4985 Summer Avenue
Team Oster likes to drive up and down Summer Avenue in pursuit of groceries, car parts, hardware, and food. Yang's is one of those places that we've passed a million times. And each time Warren says, "Have you ever eaten there?" which really means, "Wanna eat there?" I always look in the window and report that the place is empty, which is my code for "Let's go somewhere else."
On Saturday I was in a rather conciliatory mood so when Warren asked if I'd ever eaten at Yang's, I said, "We can go if you want." He drove past and I looked in the window. Again it looked empty, but then I spotted a man reading his newspaper. "There's someone there," I said. That was all Warren needed to hear.
The kids (Satchel, 6, and Jiro, 5), who had not even eaten breakfast, were claiming they weren't hungry because our next stop was Target. (They needed to buy a birthday present for their friend. However, they each had birthday money of their own saved up and were already plotting their purchases.) I started listing some menu items for them, "They have hamburgers, chicken tenders, sandwiches, Chinese food..." Satchel looked at me and pointed at the chips lining the counter. "I'll have two bags of Doritos," he said. "I'll have Cheetos," Jiro added. I quickly disabused them of this idea. "You need to eat something else," I stressed. Eventually they agreed to split an order of chicken wings. I told them to get their chips and sit down.

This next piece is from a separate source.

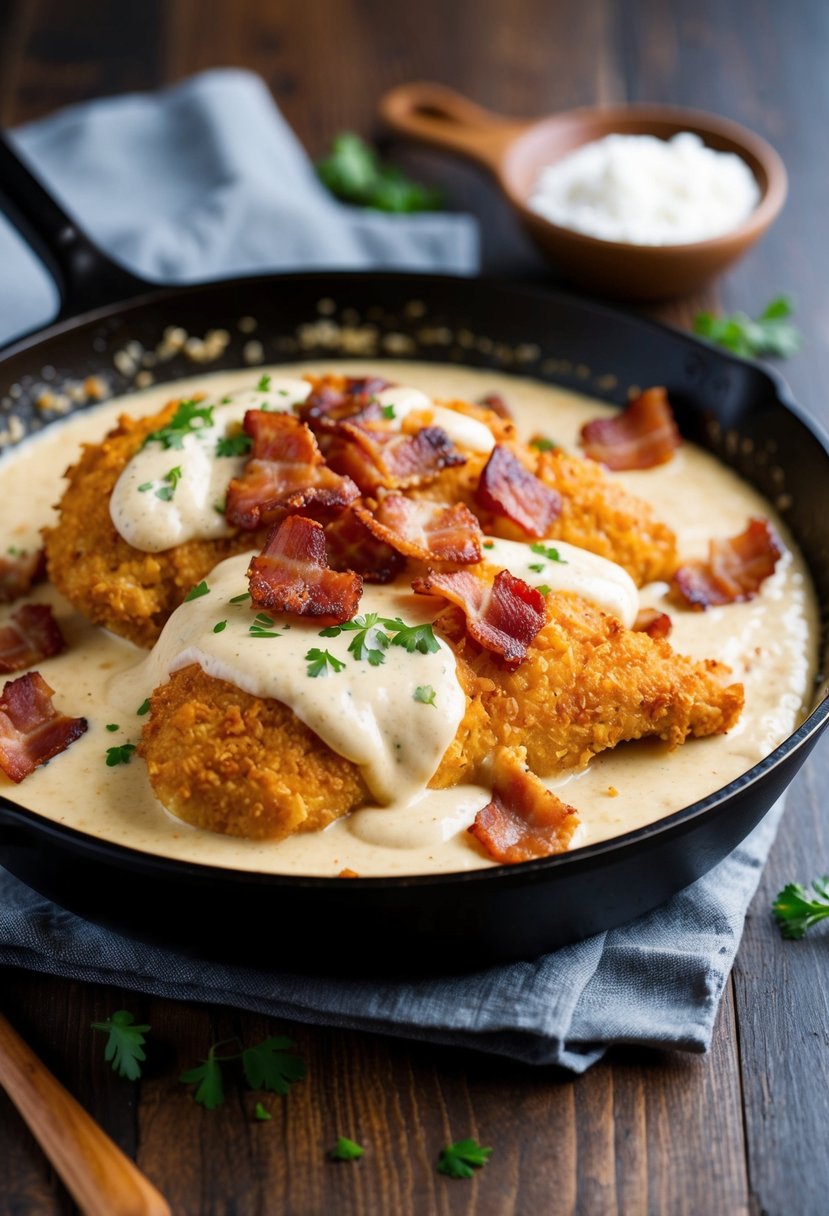 A sizzling skillet with crispy chicken smothered in a rich cream sauce and topped with crispy bacon pieces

Then Warren and I stared at the vast menu and tried to figure out what we wanted to eat. (Frankly I didn't want anything, but I was humoring Warren.) "I guess I'll try a gyro," I said uncharacteristically. I never order the gyro--not even at Elliot's where it is supposed to be awesome. (I think that's what I was imagining when I ordered it.)

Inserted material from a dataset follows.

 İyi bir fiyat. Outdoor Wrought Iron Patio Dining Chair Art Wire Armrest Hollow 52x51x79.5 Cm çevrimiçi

Warren was leaning towards Chinese food, which I thought was smart since they had several signs saying they specialized in "Chinese food and sandwich since 1983." He finally decided on General Tso's chicken, which came with fried rice and an egg roll. By now I was wondering if a gyro counted as a sandwich and if I had ordered the right thing. There was a table of guys nearby and I tried to see what they were eating, but their food was hidden in their little red baskets.
I ordered four waters and waited patiently for the nice pregnant woman behind the counter to ring me up. When she presented me with four gigantic styrofoam cups full of water, Warren pointed out that I was being charged .25 for each cup. Our final bill came to $21 and I found myself in one of those "Should I tip?" situations when my credit card receipt came with a line for the tip. It looked like there was one guy cooking and that he was also in charge of delivering the food, so I added a three dollar tip.
We joined the boys at the table and I resisted the urge to list the dozen other places on Summer Avenue where I would rather blow $24. The boys were just about done with their chips and each was covered in fake cheese powder. I did my best to clean them off before they started wiping orange funk all over their shirts. Meanwhile Warren said, "I think this place has an identity crisis." I looked up and he directed my attention to the antlers and bass fish mounted on the wall next to the Christmas lights. "They have highchairs though," he added, trying to remain positive.
Due to there only being one guy doing all of the cooking, we had plenty of time to take in the ambiance. The most noticeable aspect of the dining room was the small TV mounted to the ceiling. After ten minutes or so it dawned on me that it was tuned to QVC or some other advertising channel. It was very loud and very annoying.
Jiro needed to freshen up, so I escorted him to the restroom area. It was painted Pepto Bismol pink. Despite this, and the general dilapidated state of the restaurant, it still appeared clean-ish.
A few minutes after we sat back down, our food arrived piping hot.
One look at my gyro and I knew that I had made a mistake. The meat was sliced very thin and looked very processed. "Uh-oh," I said. Thankfully Warren did not get mad. He offered to share his with me, and then eventually eat mine. His chicken was okay--nothing spectacular. The fried rice was just rice and very boring. The egg roll was okay. Jiro declared his chicken wings "nasty" without even tasting them, but Satchel ate the one he agreed to eat when I let him get the Doritos. I tried one and they were fine. I glanced around for hot sauce, but didn't see any, so I just ate it plain.
Eventually the kids were begging for quarters for the gum machine and most of the food on our table was gone. (The order of fries proving to be the most popular item.) While we were there people continued to filter in. I kept trying to see what everyone was eating, convinced that Yang's must have some secret treasure hidden among the hundreds of menu items.
Maybe it's the muffaletta?
I won't be back to find out.
After all of the comments, Warren and I couldn't resist driving through for a muffaletta on our way home from the movies. It is definitely worth going back for--and I liked the drive-thru experience much more than dining in. Now we just feel silly for ordering Chinese food!